ECLI:NL:RBZWB:2021:1053
Rechtbank Zeeland-West-Brabant
- Voorlopige voorziening
- Rechtspraak.nl
Afwijzing aanvraag bijzondere bijstand voor medicinale cannabis
Op 9 maart 2021 heeft de voorzieningenrechter van de Rechtbank Zeeland-West-Brabant uitspraak gedaan in een zaak betreffende een aanvraag voor bijzondere bijstand voor medicinale cannabis. Verzoekers, die lid zijn van de Patiënten Groep Medicinale Cannabis Gebruikers, hebben bezwaar gemaakt tegen het besluit van het college van burgemeester en wethouders van de gemeente Tilburg, dat hun aanvraag voor bijzondere bijstand op 28 januari 2021 had afgewezen. De verzoekers stelden dat zij afhankelijk zijn van medicinale cannabis voor hun gezondheid en dat de afwijzing van hun aanvraag hen in een levensbedreigende situatie zou kunnen brengen.

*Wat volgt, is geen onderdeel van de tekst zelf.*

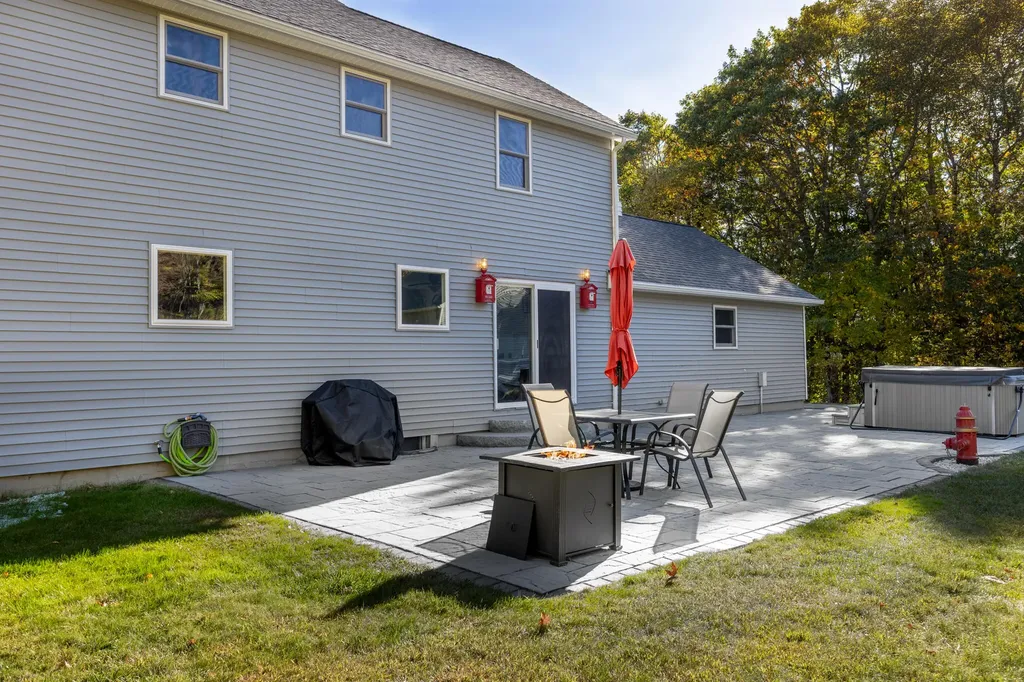 11 High Hill Court Dedham ME 04429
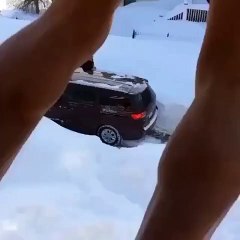 Karın Keyfini Mayosuyla Çıkaran Adam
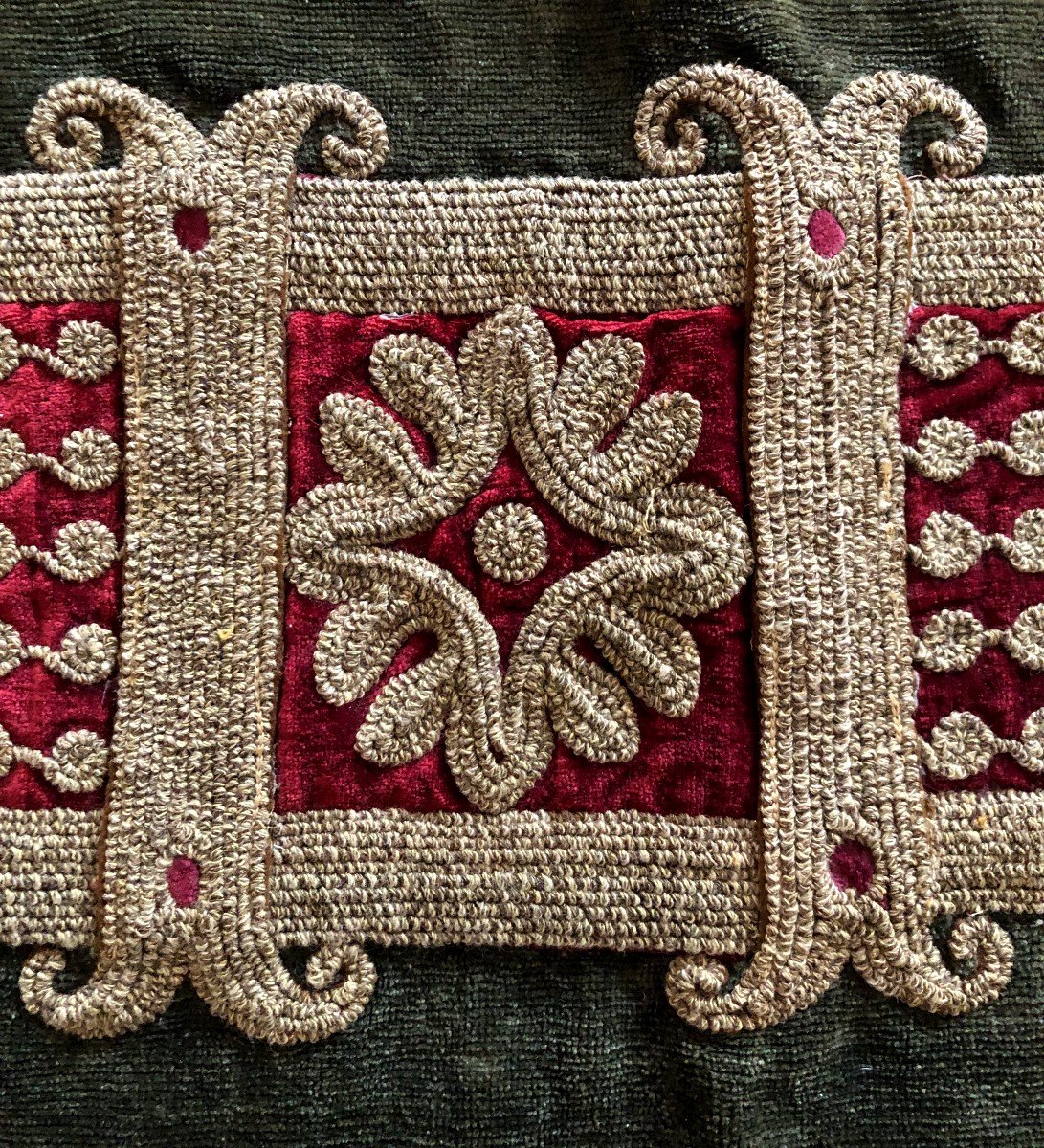 Textile Trimmings Embroidery Sample 19th Century Fleur De Lys Braids-photo-7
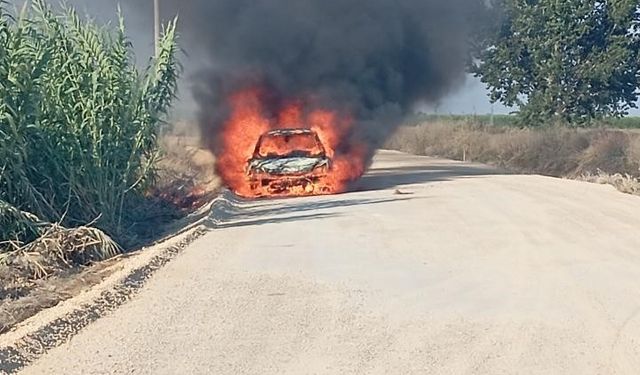 Adana’da Seyir Halindeki Otomobil Bir Anda Alev Topuna Döndü!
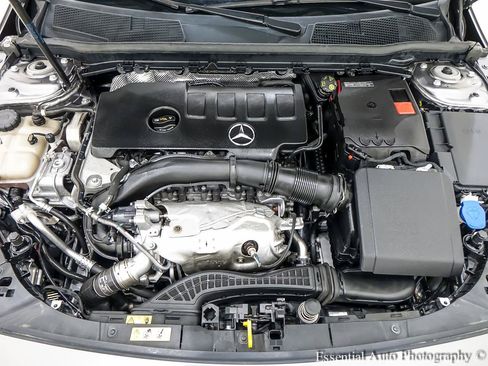 Used 2022 Mercedes-Benz CLA 250 4MATIC w/ Premium Package image 39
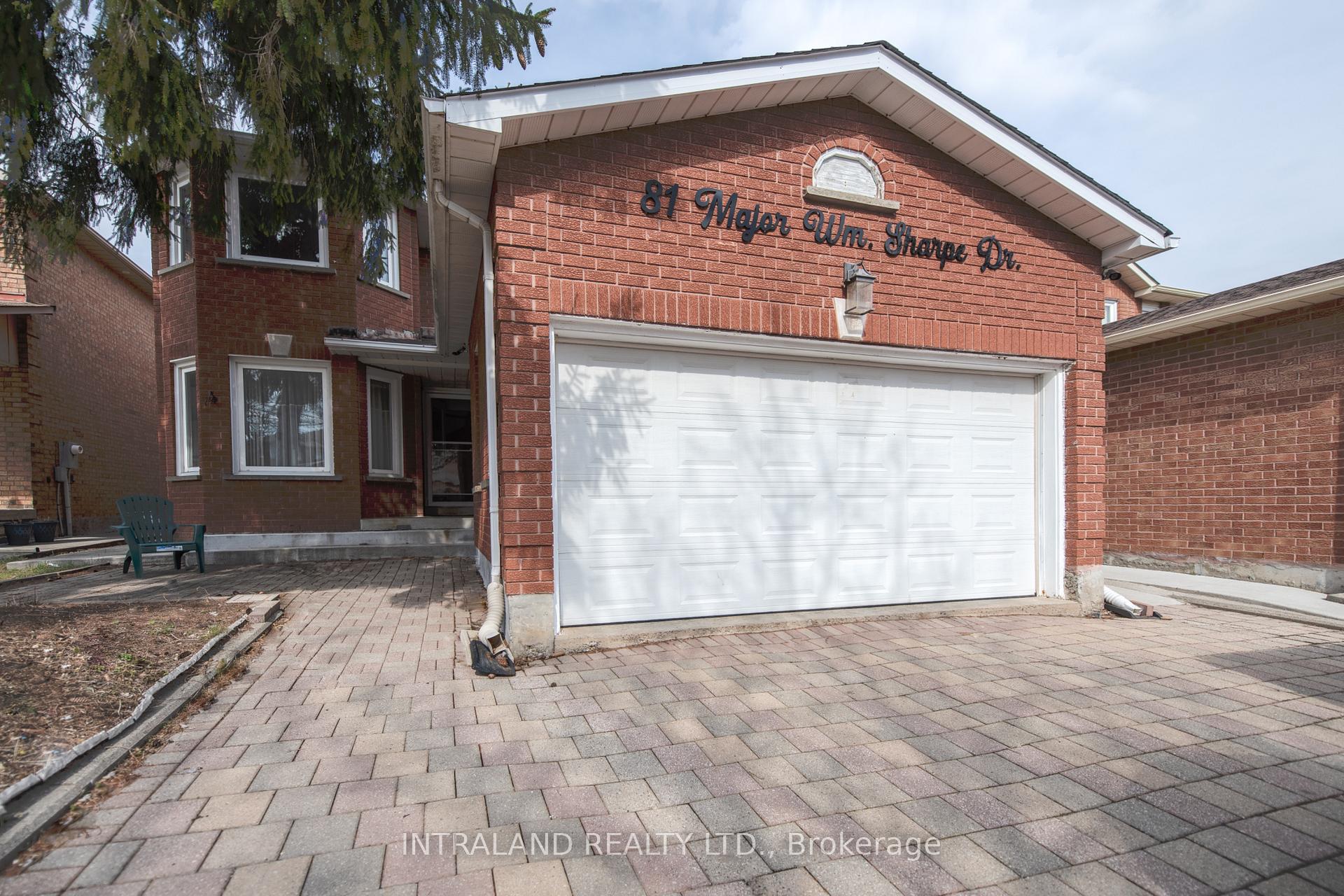 Front of 81 Major Wm Sharpe Drive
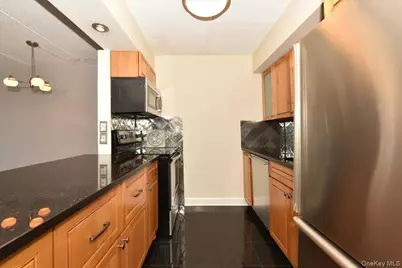 725 Miller Avenue #218, Freeport, NY 11520 - Photo 10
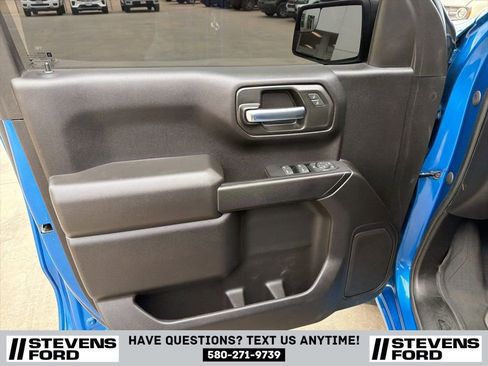 Used 2022 Chevrolet Silverado 1500 Custom image 17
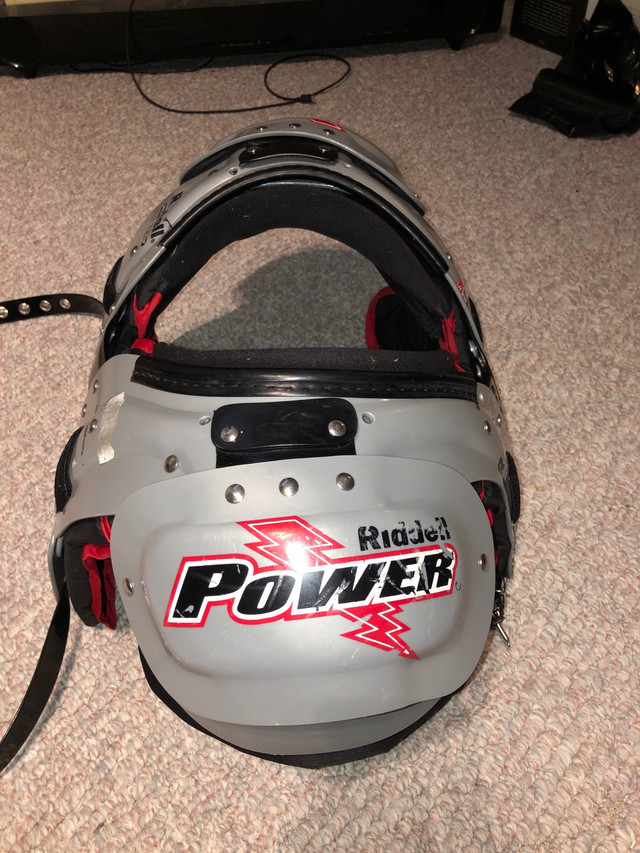 Riddell Power SPX QB/WR football pads in Football in Oakville / Halton Region - Image 3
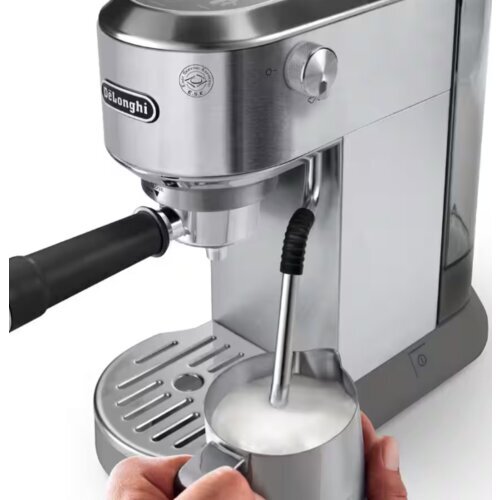 DeLonghi Aparat za espresso kafu EC890.M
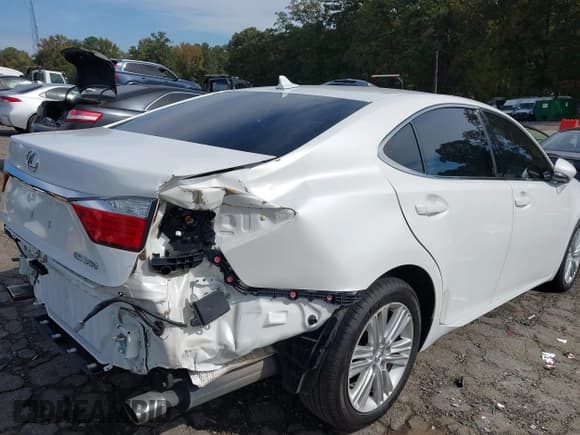 ✅ 2014 Lexus ES 330 • VIN: JTHBK1GG2E2135373 • Lot: 43457445. Listed on IAAI with 71,939 mi. Free auction sales archive from the USA and detailed vehicle history report at DreamBid. Image 6.
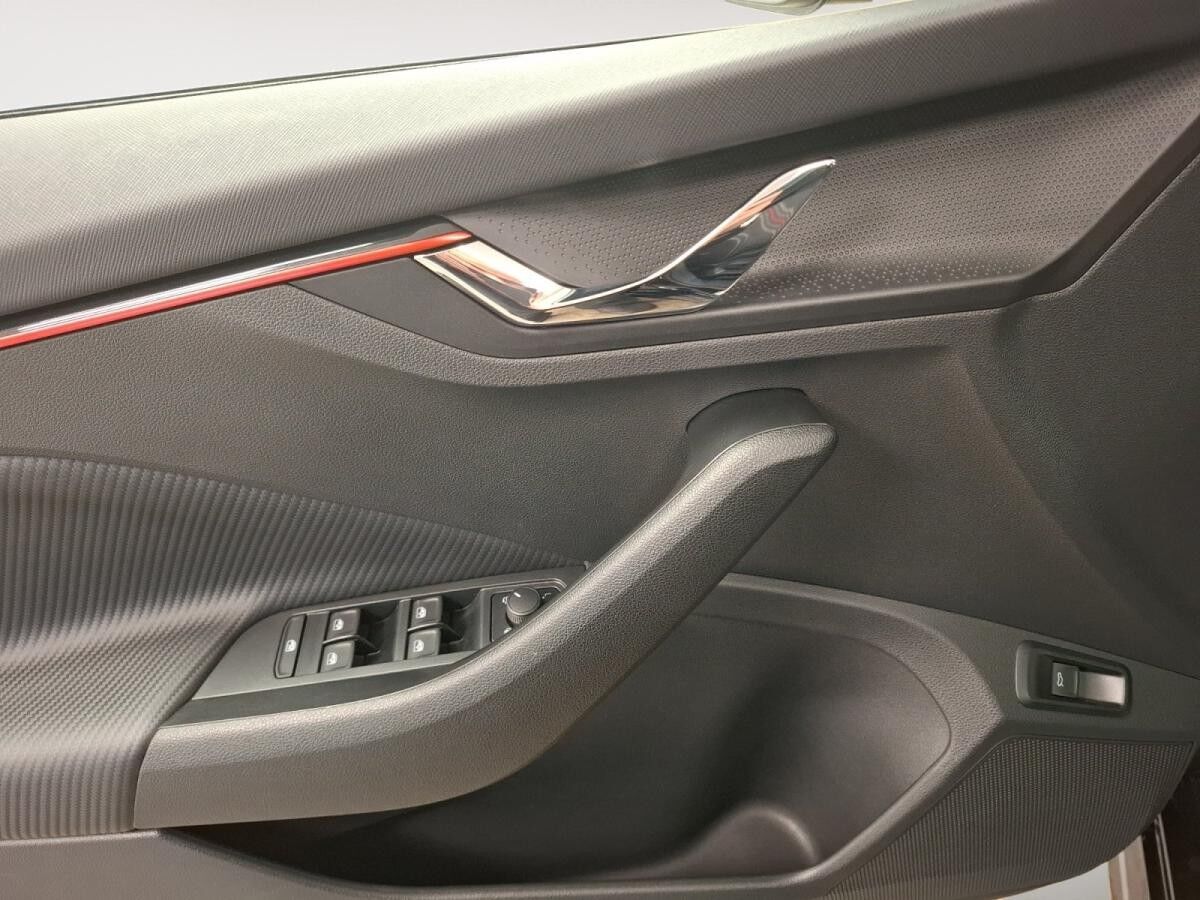 Skoda Kamiq 1.5 TSI Monte Carlo Pano AHK ACC CarPlay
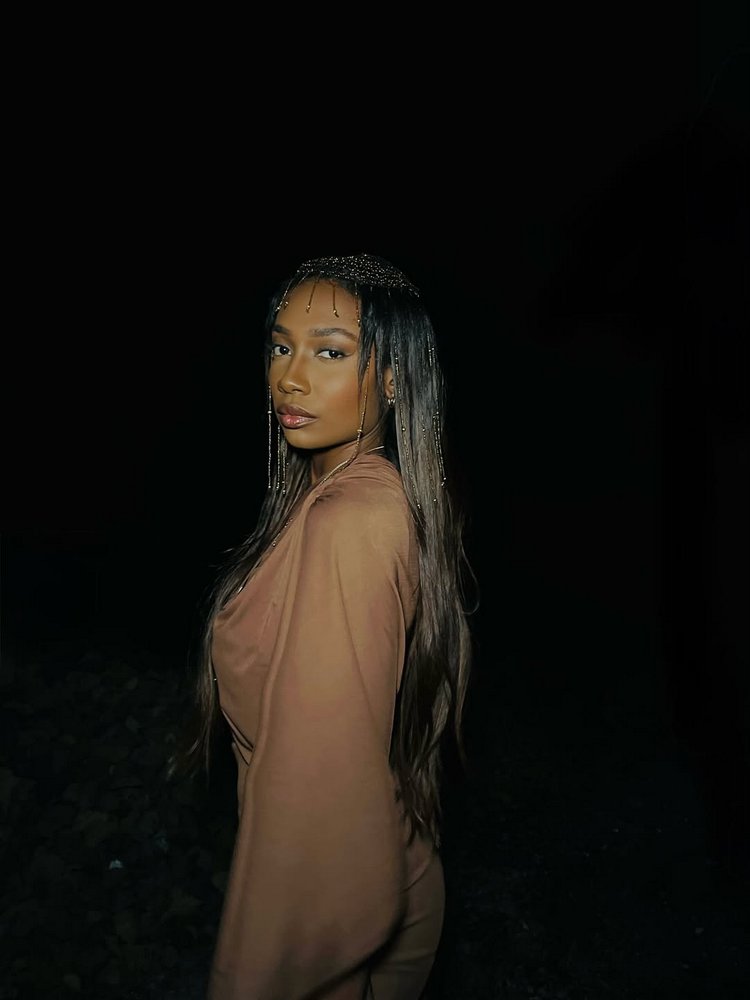 Miss Mayotte ni Kamillat Hervian w'imyaka 24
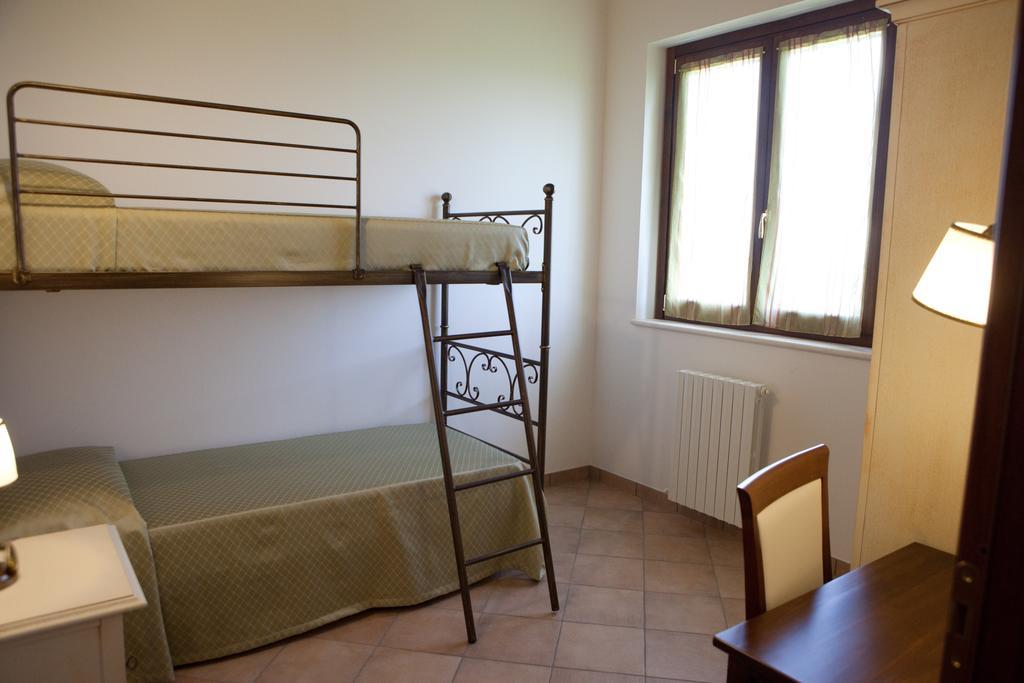 Residence Colle Veroni Mosciano Sant'Angelo Room photo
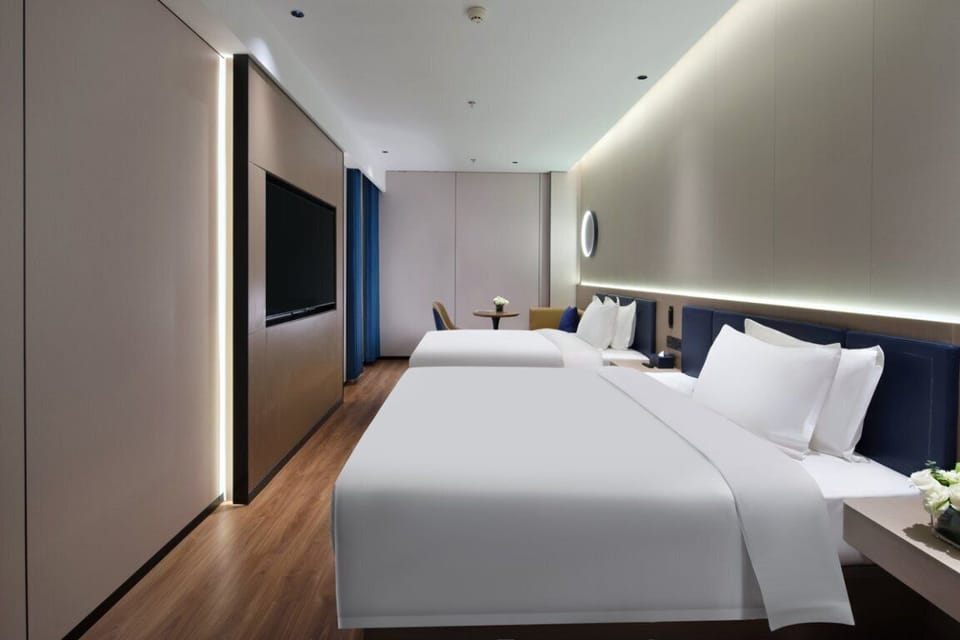 SUPERIOR TWIN ROOM | Blackout drapes, soundproofing, iron/ironing board, free WiFi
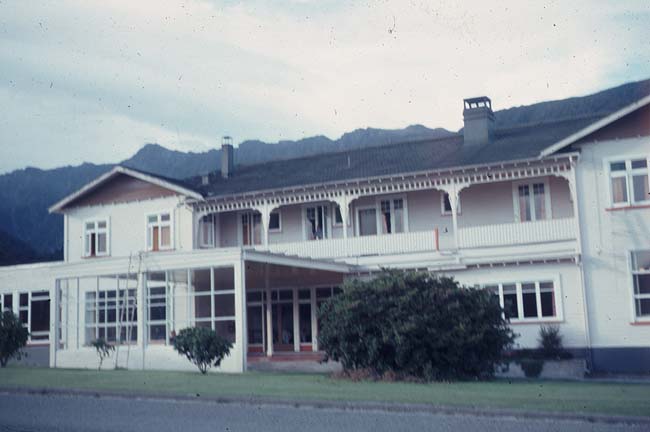 FoxGlacierHotel_NZ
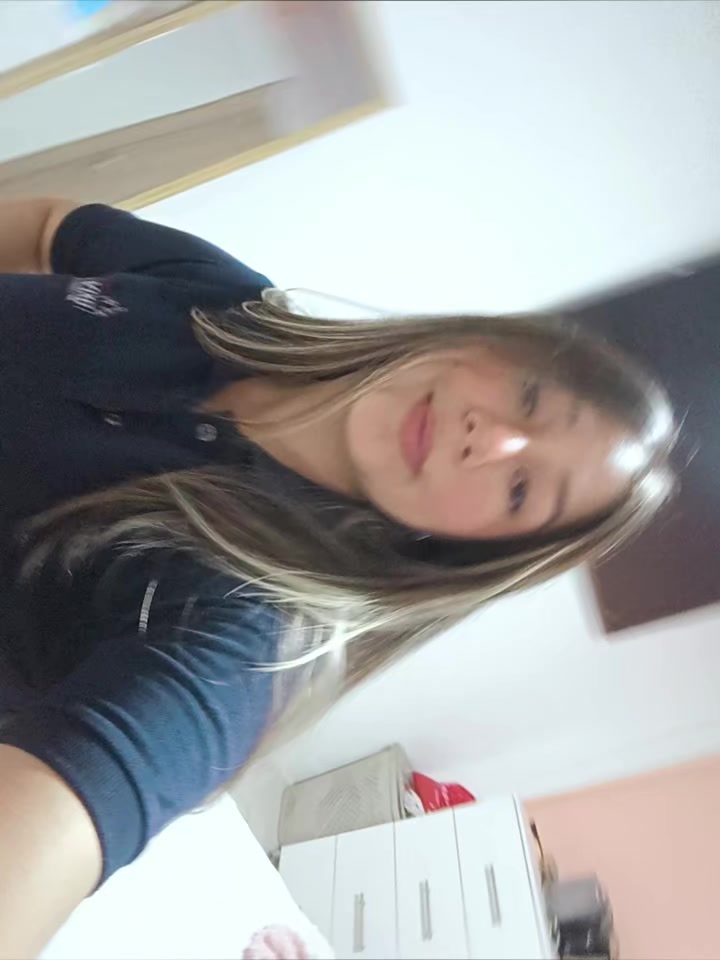@Valeria🧩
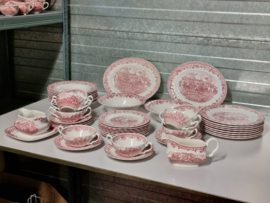 Verkocht = Engels rood Jachtservies Myott's Country Life Eetservies 8-pers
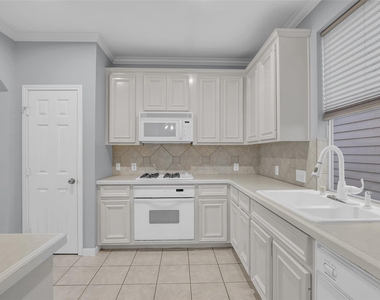 1417 W Webster Street - Photo Thumbnail 18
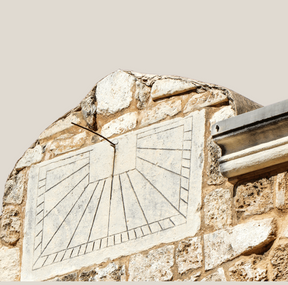 Sundial الساعة الشمسية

De voorzieningenrechter heeft vastgesteld dat er geen spoedeisend belang was voor het treffen van een voorlopige voorziening, omdat de verzoekers niet voldoende onderbouwd hadden waarom zij pas vijf maanden na de inbeslagname van de hennepplanten een verzoek hadden ingediend. De voorzieningenrechter oordeelde dat de kosten voor medicinale cannabis niet als noodzakelijk kunnen worden aangemerkt, omdat deze kosten niet zijn opgenomen in de lijst van te vergoeden geneesmiddelen onder de Zorgverzekeringswet. Bovendien is er volgens de wetgeving geen recht op bijstand voor kosten die als niet noodzakelijk worden beschouwd.
Uiteindelijk heeft de voorzieningenrechter het verzoek om een voorlopige voorziening afgewezen, omdat het college de aanvraag om bijzondere bijstand terecht had afgewezen. De voorzieningenrechter benadrukte dat de bewijslast voor het bestaan van zeer dringende redenen bij de verzoekers ligt, en dat zij niet voldoende bewijs hadden geleverd dat hun situatie levensbedreigend zou zijn zonder medicinale cannabis. De uitspraak is openbaar uitgesproken en er staat geen rechtsmiddel open tegen deze beslissing.